By the time his tongue grew a little more bold, I was in such a state that I wondered if I could even remain upright. The rain had just about stopped. The ferocious black sky was breaking up, the clouds dissipating. We were two mud statues embracing, our tongues entwining as everything dripped all around us.  The heady freshness in the air mixed with the smell of sex, a smell that was beginning to be familiar to me. And below and beneath that, the rude smell of mud.

Then, oh horrors, the worst thing possible:  “Harold! Jesus!”

What happened next was a scene straight out of one of his movies: he jerked back from me, looked at me in shock, turned around and looked at Hal, then back at me, as if he had no idea who I was.

“Harold, if  I’ve told you once, I’ve told you a thousand times. Don’t screw
the extras!”




”I’m not! We were just having a little. . . talk.”

“Jesus, right out in the open. Haven’t  I warned you about that?”

“It was raining out. Everybody went inside.”

“You’re an idiot.”

“Yes, I guess I am.” 

“No more ‘little talks’. He talks with his hands, miss. And other parts.” Hal stalked past us, and shocked me by reaching out and slapping the back of Harold’s head, hard.

Harold ducked, winced, looked truly contrite. His little innocent dalliance had turned bad, and he knew it had embarrassed me.

“I’m sorry,” he said, with his sad little-boy face, his eyes.

I didn’t know what to say. To cry would be disaster. It was plain he’d kiss anything with a pulse. It occurred to me that I would be within my rights to slap his face.

Just as I had the thought, as if he’d heard it, he said, “I deserve to be slapped, Muriel.”

“Oh, Harold, don’t be ridiculous.”

”No, I mean it. I broke the code of honour. Slap me.”

”Harold!”

Slap me.” He grabbed my wrist and wrestled with me.  I was dealing with a crazy person. I wrenched away from him.

“You deserve to be slapped, you self-important, ignorant little hick! But  I won’t, because you’d probably enjoy it. That’s how hopelessly immature you are.”




All the air seemed to go out of him. He did not look like a movie star, ankle-deep in mud, his rain-streaked makeup ashy and unnatural. He looked awkward, defeated, a small-town boy out of his depth.

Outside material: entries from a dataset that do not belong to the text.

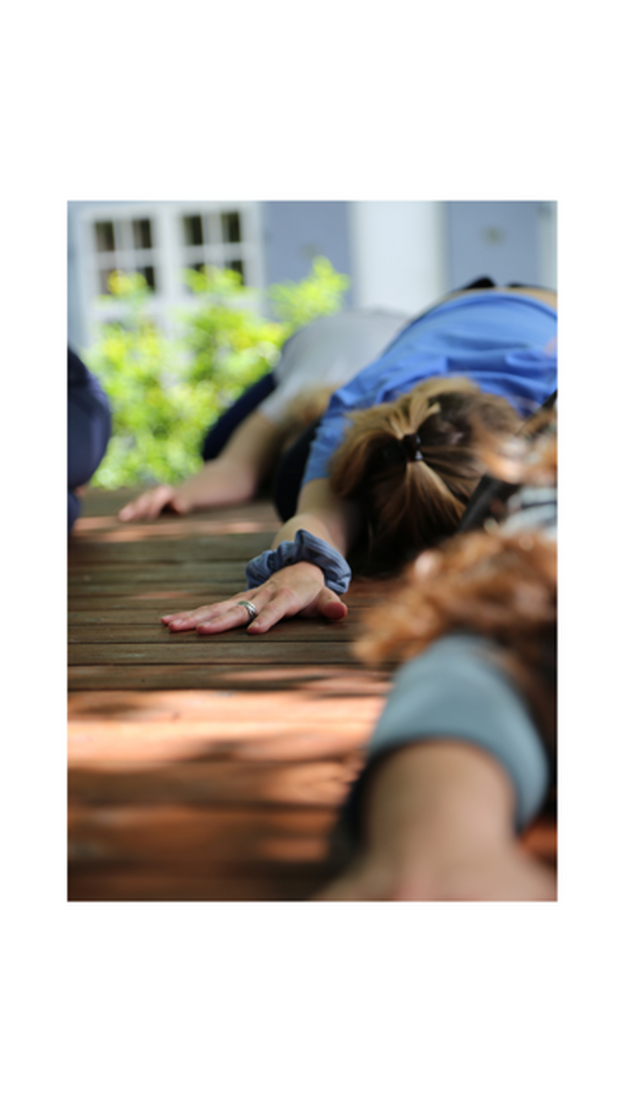 YOGA IM PARK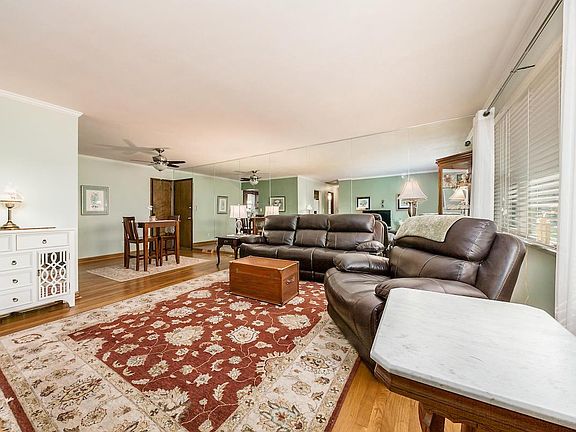 3rd image of 2682 Melane Ave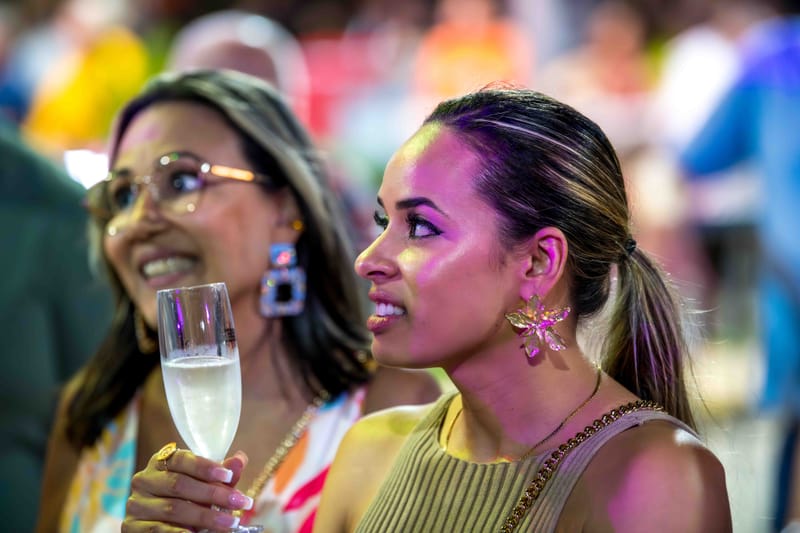 WAVE7 Creatives frames the rhythm of Curaçao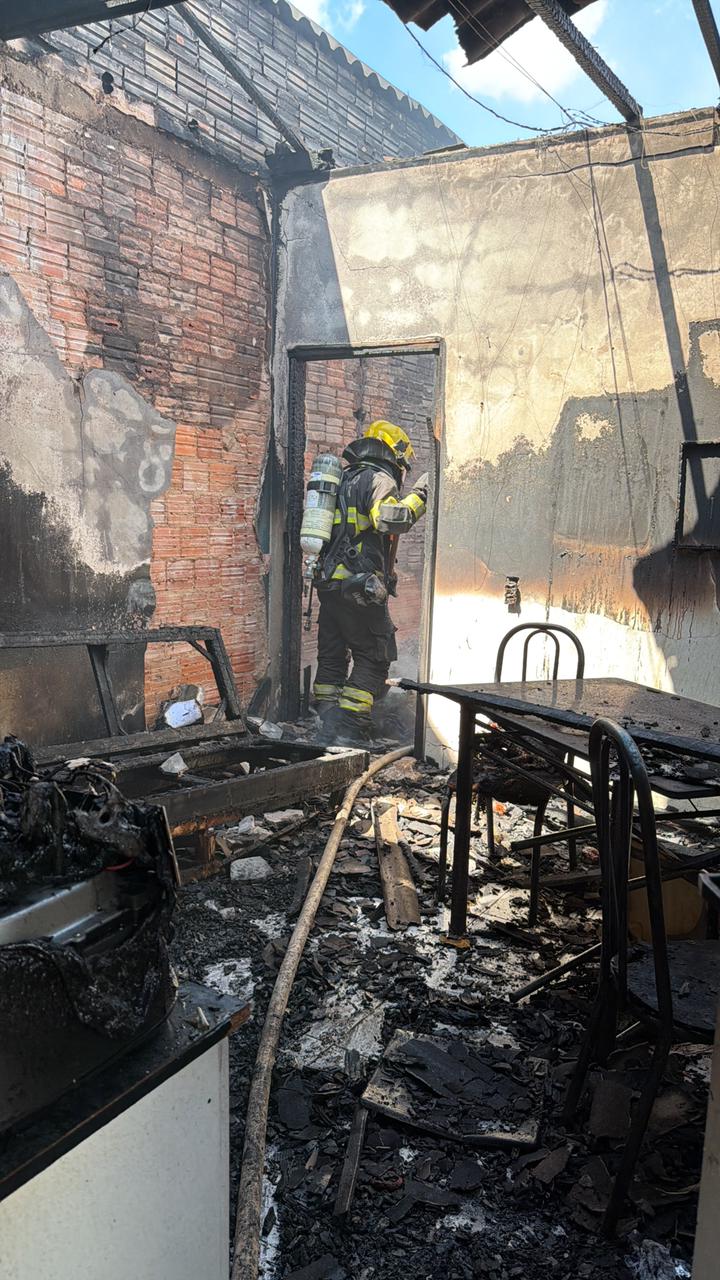Incêndio atinge quitinete no centro de Sorriso e mobiliza Bombeiros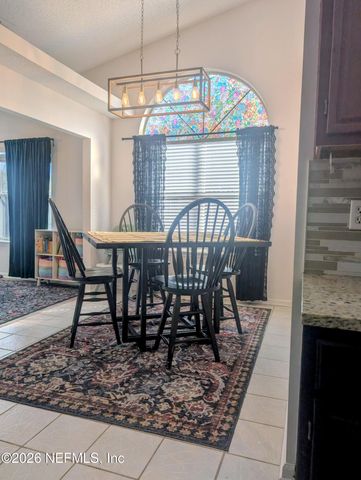 7737 MISTWOOD Circle E, Jacksonville, FL 32244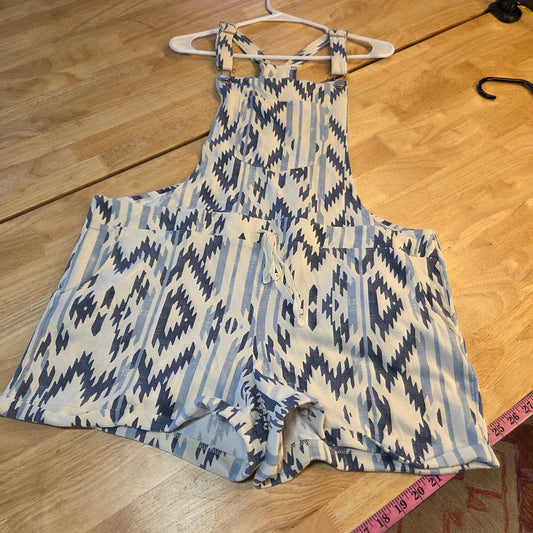 Cato Jersey Net Aztec print cream and blue overall shorts size large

“I don’t know what to say. I really am sorry.” He was back to Harold the human being again, shocked at his own outrageous behaviour.

“Stay away from me from now on.”

”Muriel, I really do like you. I mean it.”

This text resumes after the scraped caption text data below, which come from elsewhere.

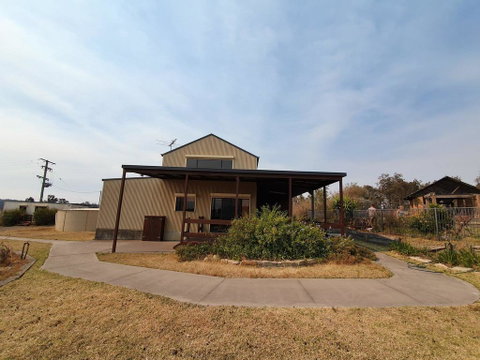 Kelman Cottage - Tucked Away With Pool + Native Wildlife - South Australia Travel 2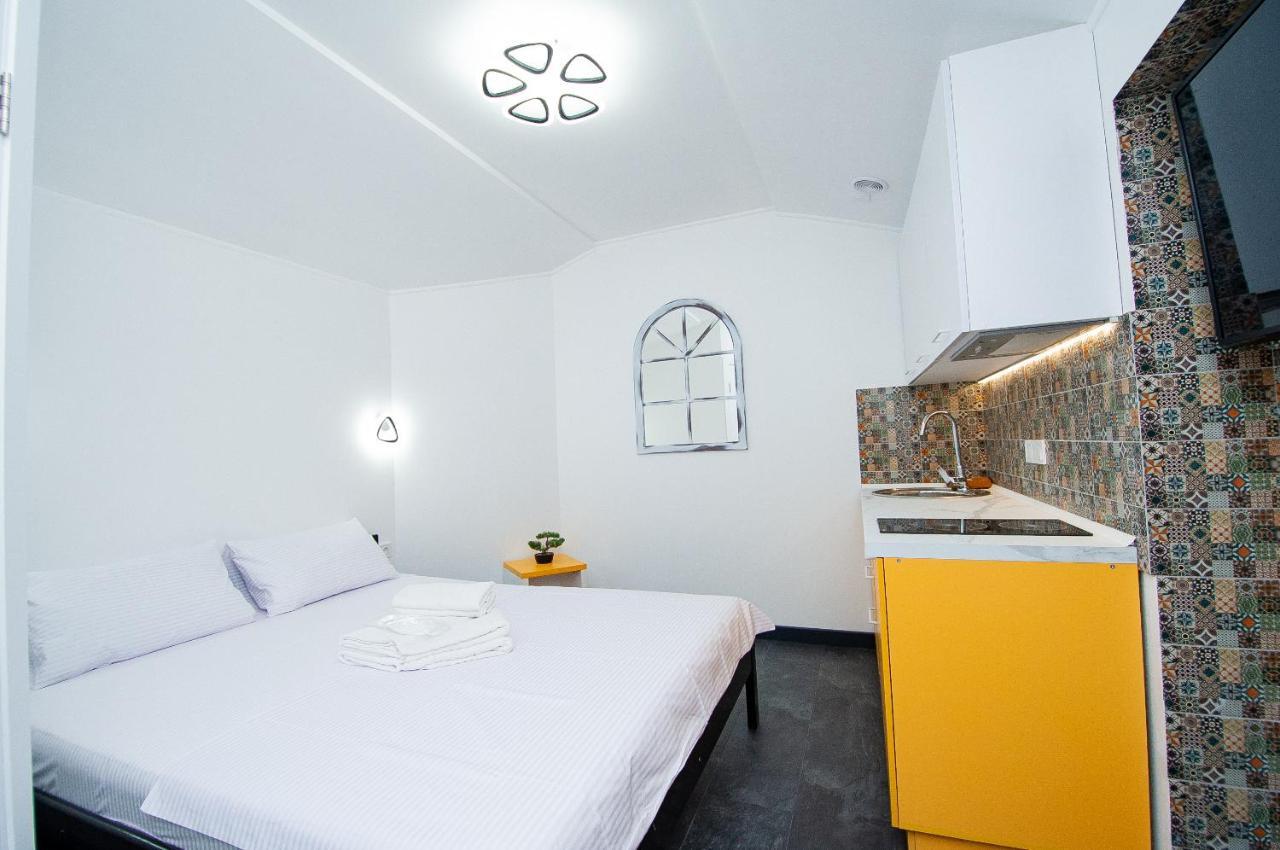 Suites On Chaikovskogo Oldenburg Bagian luar foto
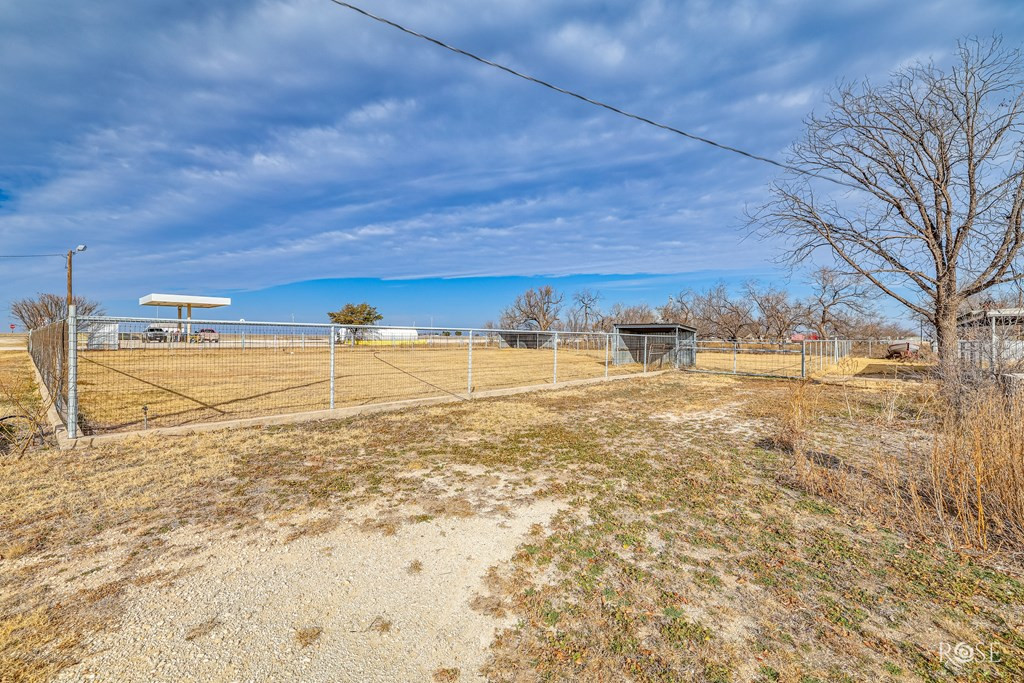 921 Broadway Street Property Photo 26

“You like a lot of girls, Harold. I see it going on right under my nose.”

“But wouldn’t it be nice if we could be – “

No, Harold.”

"Muriel, you don't know how lonely. . . I mean, I just don't have time for friends. I think you're special."

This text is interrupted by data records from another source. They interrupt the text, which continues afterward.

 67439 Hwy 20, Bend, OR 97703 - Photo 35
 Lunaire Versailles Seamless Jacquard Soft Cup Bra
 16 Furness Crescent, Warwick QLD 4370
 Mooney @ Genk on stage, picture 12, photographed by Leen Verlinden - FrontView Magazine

Even though my body screamed forgive him, even though another part of me told me to slap him hard, to give him what he (and I) wanted, I had to walk away from him with my head high, and not look back.




After screaming abuse at him, let alone being caught kissing him out in the open, I was sure I would be immediately dismissed. But I was in for yet another surprise. The next morning the wardrobe mistress, the same one with the pins in her mouth, handed me a small folded-up note.

Dear Muriel, I hope you can find it in your heart to forgive me for the way I acted last night becaus I know I insulted your dignity and your womanhood and I would not be surprised if you didn't want to speak to me, ever again, But I hope you will stay with us, we  think you have talent and even the chance for a career someday if you keep out of the way the likes of me,  I am most awfuly sorry and I hope we can still be friends, Id like that very much. In my deepest apology, 

Harold

It was as if a small boy were apologizing for stealing an apple. It did not help that his handwriting looked almost like grade school printing, that his writing style was awkward and unsophisticated (the remnants of going to a dozen different schools). I wanted to tear it up, throw it out, burn it, but I folded it in half and secreted it in my diary, along with a photo of Bea, a copy of the Twenty-third Psalm, and a lock of my mother's hair.